Tillerson calls on Rouhani to stop Iran's ballistic missile tests
Iran Press TV
Sun May 21, 2017 4:32AM
US Secretary of State Rex Tillerson has called on Iranian President Hassan Rouhani to end the country's ballistic missile tests in what is Washington's first reaction to his re-election.
Tillerson made the remarks during a joint news conference with his Saudi counterpart on Saturday following Rouhani's landslide election victory and winning a second term in office through presidential polls held on Friday.
He repeated a Western accusation that Iran supports terrorism, saying, "What I would hope, is that Rouhani... use that (new) term to begin a process of dismantling Iran's network of terrorism, dismantling its financing of the terrorist network, dismantling the manning and the logistics and everything that they provide to these destabilizing forces that exist in this region."
"We also hope that he puts an end to their ballistic missile testing," Tillerson said on the first day of a visit by President Donald Trump to Saudi Arabia where he signed a whopping $110 billion weapons deal with the Saudi kingdom.
Tehran has always said its missile tests pose no threat to any country and that they are conducted to boost Iran's defense capabilities, enhance national security and promote regional peace and stability.
The United States and its allies, particularly Saudi Arabia, have always drawn massive criticism for supporting and financing terrorist groups, which have carried out numerous terrorist attacks in the Middle East, throughout Europe and elsewhere.

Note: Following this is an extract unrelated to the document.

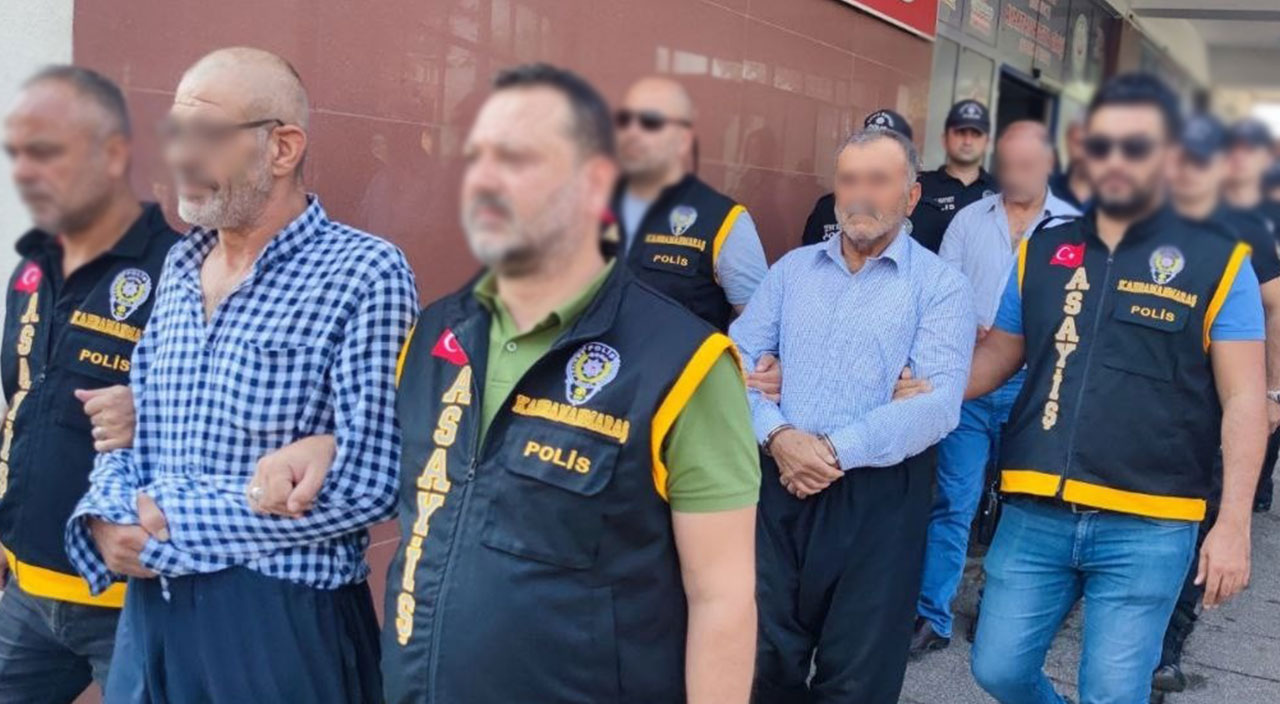 25 yıl sonra cesetleri bulunan baba-kızın katili anne çıktı! 25 yıl sonra cesetleri bulunan baba-kızın katili anne çıktı!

Since 2011, the Saudi regime has also been sponsoring Takfiri terrorists fighting against the Syrian government, which has left hundreds of thousands dead and millions more displaced.
Trump, who arrived in Riyadh on Friday, signed an arms deal with the Saudi kingdom that has been pounding Yemen since March 2015, an assault that has so far left 12,000 people dead, most of them civilians.
The pact includes a $6 billion contract to assemble 150 Lockheed Martin Blackhawk helicopters in Saudi Arabia. It also includes a $1 billion THAAD missile system and a contract for four multi-mission warships worth $11.5 billion.